For now, the professional harm detectors have a windfall. The influence of politicians and their acolytes is extended. Inefficient retailers get a pass. The poorest customers have to travel further for lower prices and more variety. Entry level jobs are foreclosed, etc., etc., etc.

Conventional measure of the size of government understate the harm that politicians do. The full consequences of this stuff are not so easily detected.


Monday, August 09, 2004 


Elections and Markets

Yesterday's NY Times reports that, "Polls Say Kerry. Futures Say Bush". It appears that Bush futures have a slight lead in both of the the major political futures electronic markets, the one at Intrade and the one at the University of Iowa -- and both are contradicted by various election polls.

The article, by Daniel Gross, reports that the electronic markets have the better track record in getting presidential election outcomes right. Gross notes that bets on futures markets are by people who are putting their money where their mouths are. He then stumbles by noting that, "The people who trade securities online look a lot more like the crowd at the '21' Club -- most of them affluent white men -- than the voter registration lists."

Huh? Are PC demographic descriptors relevant on any futures market? If so, there is money to be made.

I used to be confused when political pollsters were identified by their party affiliations and leanings. I thought that they were in the business of discovery. So what does it matter what their politics are? A little reflection suggested that their views do matter because polling is really about focus groups and testing campaign themes. It has much less to do with forecasting. Now that advances in communications and funds transfers have made more and more futures markets possible, the forecasting function of political polling is probably on the way out.


Sunday, August 08, 2004 


Well-offness

Marginal Revolution includes a nice post on the perennial discussion of what constitutes "well offness", what do happiness surveys tell us, myopia, etc.

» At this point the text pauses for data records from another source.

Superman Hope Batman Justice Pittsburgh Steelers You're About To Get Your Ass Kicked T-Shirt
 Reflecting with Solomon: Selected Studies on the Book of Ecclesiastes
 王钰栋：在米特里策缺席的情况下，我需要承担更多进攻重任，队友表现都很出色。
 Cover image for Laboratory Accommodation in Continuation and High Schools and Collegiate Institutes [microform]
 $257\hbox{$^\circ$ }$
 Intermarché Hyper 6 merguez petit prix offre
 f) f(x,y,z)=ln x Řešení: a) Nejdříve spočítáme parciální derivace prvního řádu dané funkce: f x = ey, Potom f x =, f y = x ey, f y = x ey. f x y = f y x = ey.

Priests and professors (and many others) have for years been telling anyone who would listen that they are pursuing all of the false gods, including the worst of them all, Mammon.

This is a discussion that we will always have. Perhaps to the good. In the meantime, can we celebrate a situation where more of us have more free choice over what to pursue than ever?

This usually where the incoherent stumble. An occasional theme of the left is that people have "too many choices" (this is wasteful and/or causes sensory overload and headaches, etc.). Yet, many of the same critics also claim that the evolving built environment, for example, is sterile and devoid of truly "interesting" (to me) choices.

The latter complaint cannot be addressed without reference to microeconomics and scale economies. In open markets, market niches left unattended are unlikely unless the technology is such that profitable scale is much larger then the effective demand size of the niche.

Yet, it is a safe bet that even were all demand niches to coincide with all profitable scales, the discussion of elusive well-offness would proceed. Arguably, it touches on all seven of the deadly sins.